Emerging technologies continue to play an important role in this continued polarization of societies. Results from the 2020 survey suggest fresh concerns from business leaders toward the persistent spread of misinformation, the lack of effective regulation and the increasing deployment of surveillance tech by governments. Compared to 2019, “misuse of technology” rose five spots to rank 12th globally, featuring as a top 10 risk for executives in North America, the Middle East and North Africa, and South Asia.
These developments are fanning the flames of large-scale social dissent, insurgency and political turbulence. High levels of societal instability in parts of North America, Eurasia and Asia have already severely disrupted business operations and given rise to reputational harm. With consumers and employees expecting companies to be more engaged on social issues against a backdrop of considerable uncertainty regarding the direction of government policy, business leaders need to find a way forward that reflects the risks for political blowback, negative financial impacts and long-term damage to customer trust.
Fires of Climate Change Spread
Environmental concerns are gaining traction among businesses, with four of the five environmental risks featuring in the top 20 global rankings for the first time.
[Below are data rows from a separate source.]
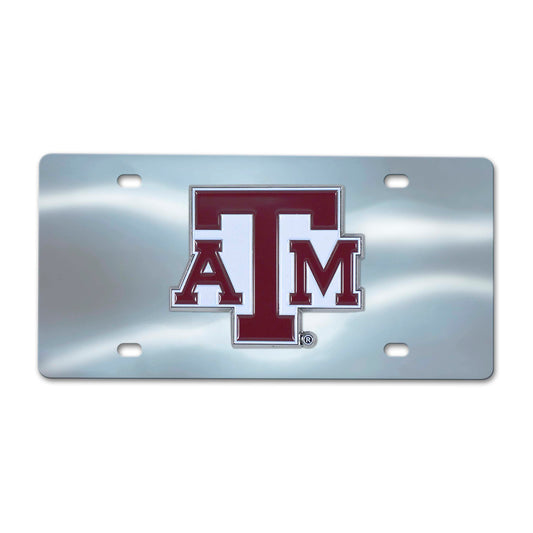 Texas A&M University Chrome Diecast License Plate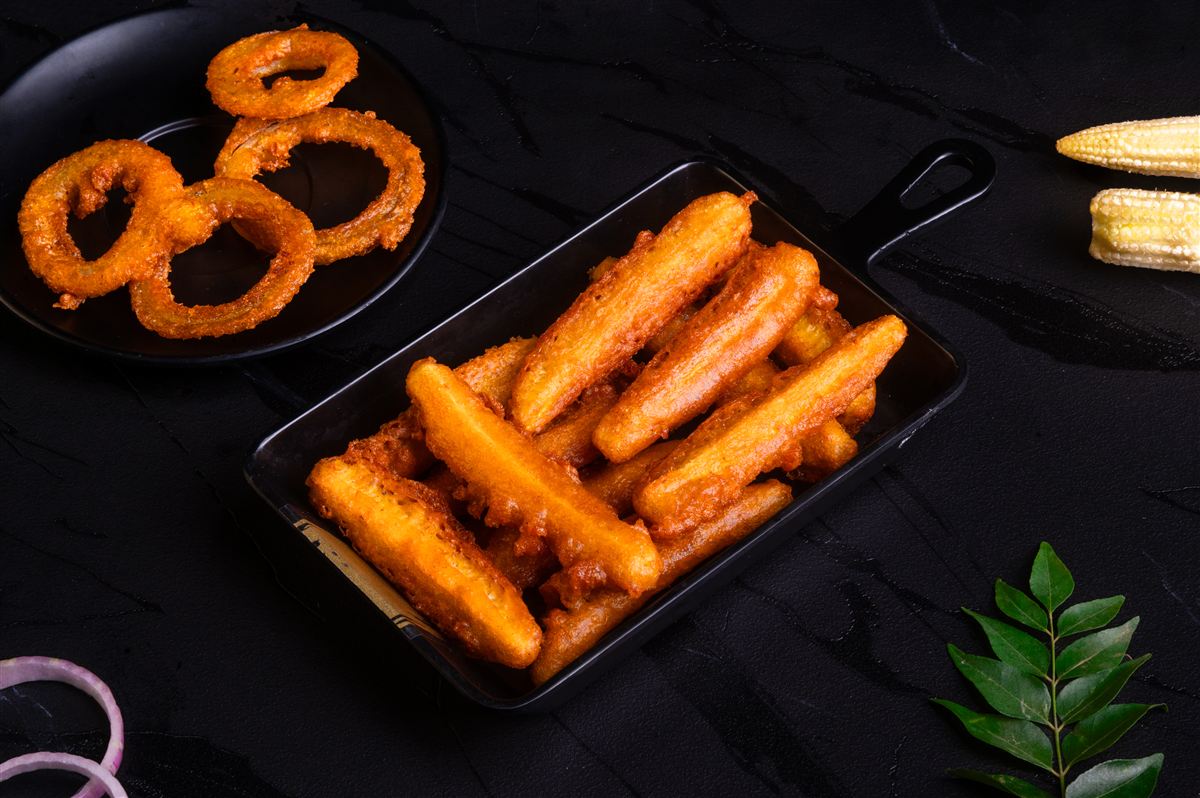 Crispy Baby Corn Fry & Rings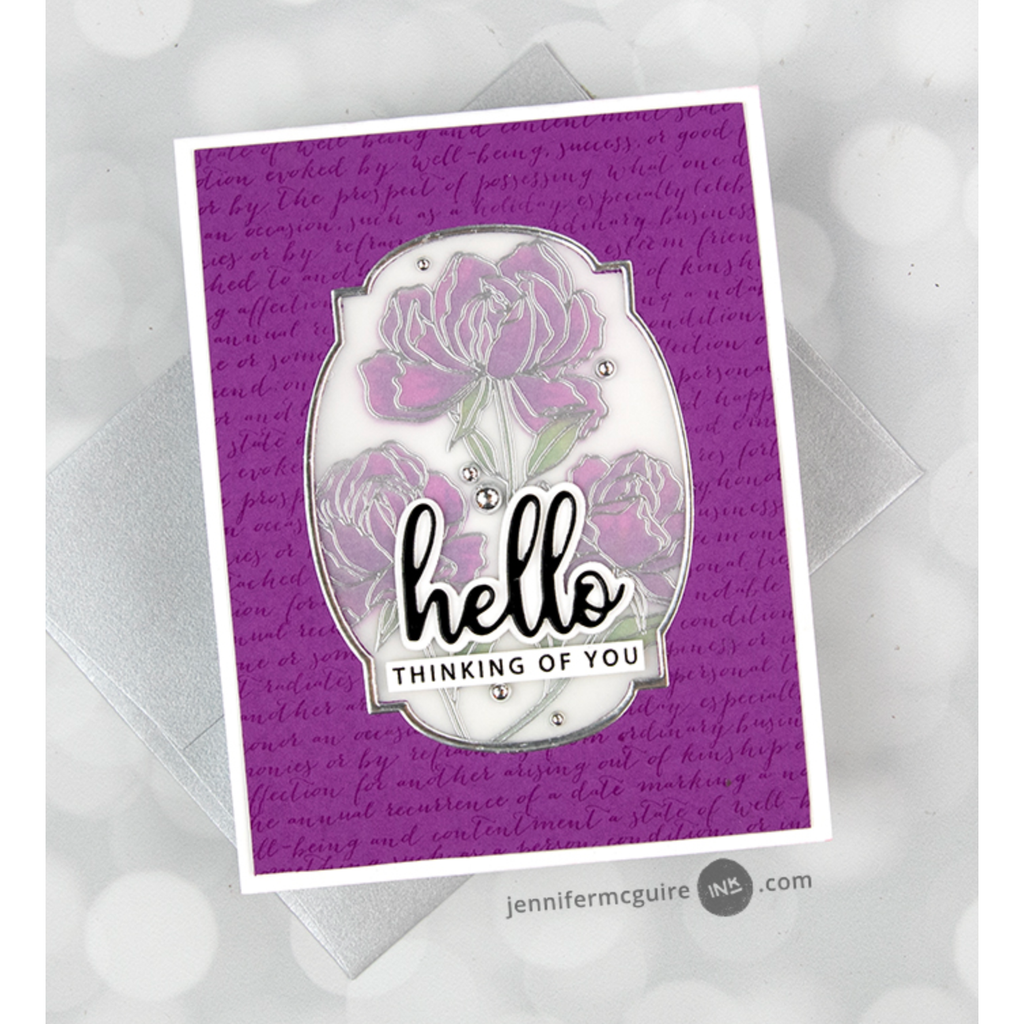 Hero Arts Cling Stamp SCRIPT Bold Prints CG830 thinking of you | color-code:ALT03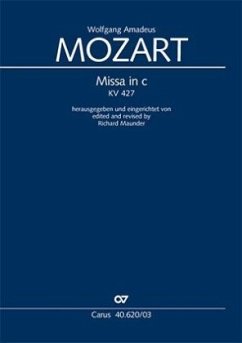 Missa c-Moll KV 427, Klavierauszug - Mozart, Wolfgang Amadeus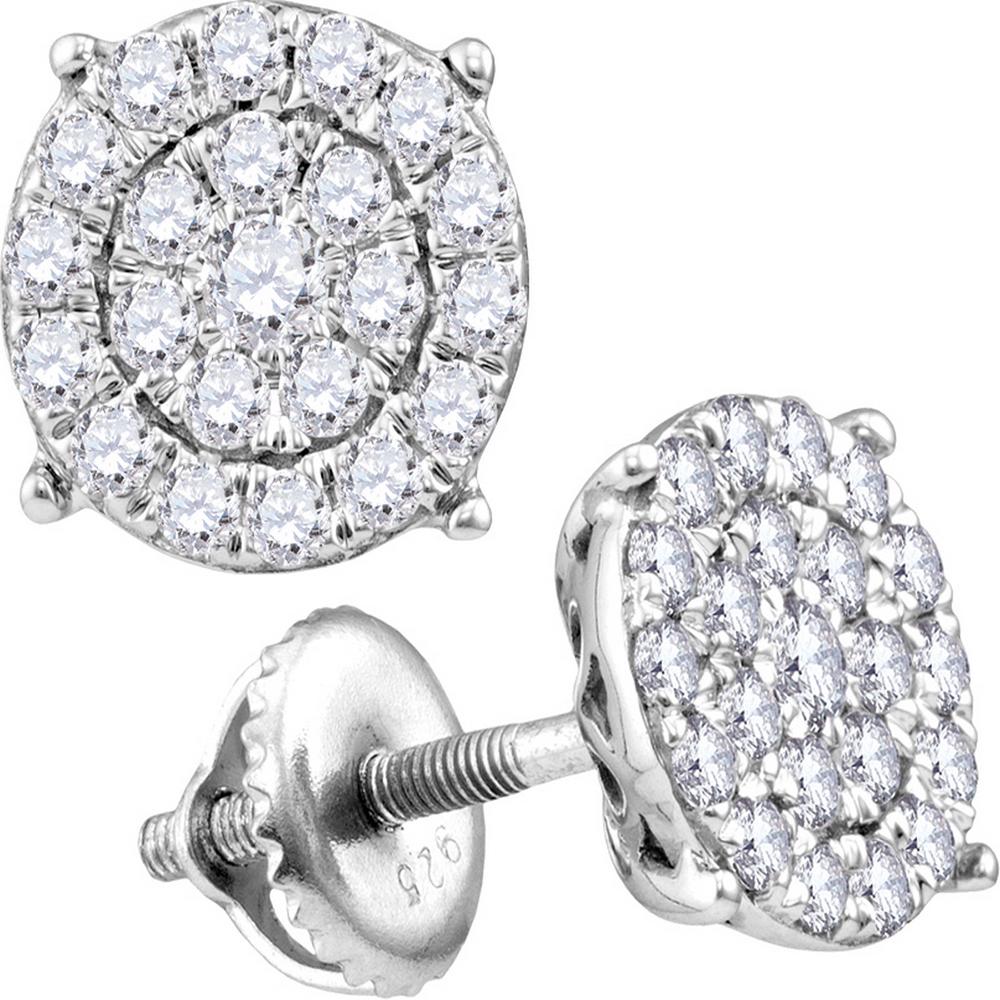 10kt White Gold Womens Round Diamond Cindys Dream Conce: 10kt White Gold Womens Round Diamond Cindys Dream Concentric Cluster Stud Earrings 2.00 Cttw **|**|** 10kt White Gold Womens Round Diamond Cindys Dream Concentric Cluster Stud Earrings 2.00 Cttw #1AC6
This trend is particularly pronounced in regions that recently faced significant disaster damages and might reasonably expect similar events in years to come.
Ranging from catastrophic bushfires in Australia to large-scale flooding in Jakarta in just the opening weeks of 2020, “extreme weather events” and “humanmade environmental catastrophes” have joined “natural catastrophes” among the leading concerns for executives in the East Asia and Pacific region. In North America, where wildfires continue to rage on the West Coast, the risk of “natural catastrophes” rose by six positions in North America to fourth, while “failure of climate change adaptation” remains in the top 10. The last also entered the top 10 of the EOS for the first time in Europe, a region that suffered from a series of storms early in 2020.
Countries Where Extreme Weather Events or Natural Catastrophes Rose More Than Five Places Compared to the 2019 Survey
Anticipate Blind Spots
This year has shown that the impacts of COVID-19 in a complex risk environment can lead to cascading and compounding effects. Blind spots arise as risks are viewed in isolation, while the confluence of longer-term trends that culminate into the crisis may be overlooked.
For instance, although geopolitical risks slip under the radar in the survey this year, they continue to simmer. Border disputes, trade wars and heightened diplomatic tensions have persisted or have been exacerbated by COVID-19. Some have been used to distract from governmental shortcomings in response to the pandemic at home or initiated while the world was looking elsewhere. Such geopolitical risks have the potential to trigger widespread impacts, similar to COVID-19, and thus indirectly influence the global economy.
Businesses will be hard pressed to predict the exact cause or timing of the next crisis, but they can sharpen their understanding of vulnerabilities and interdependencies, from capital flows to physical supply chains, and develop management strategies that enable them to buffer the impacts of disruptions and adapt to a new normal.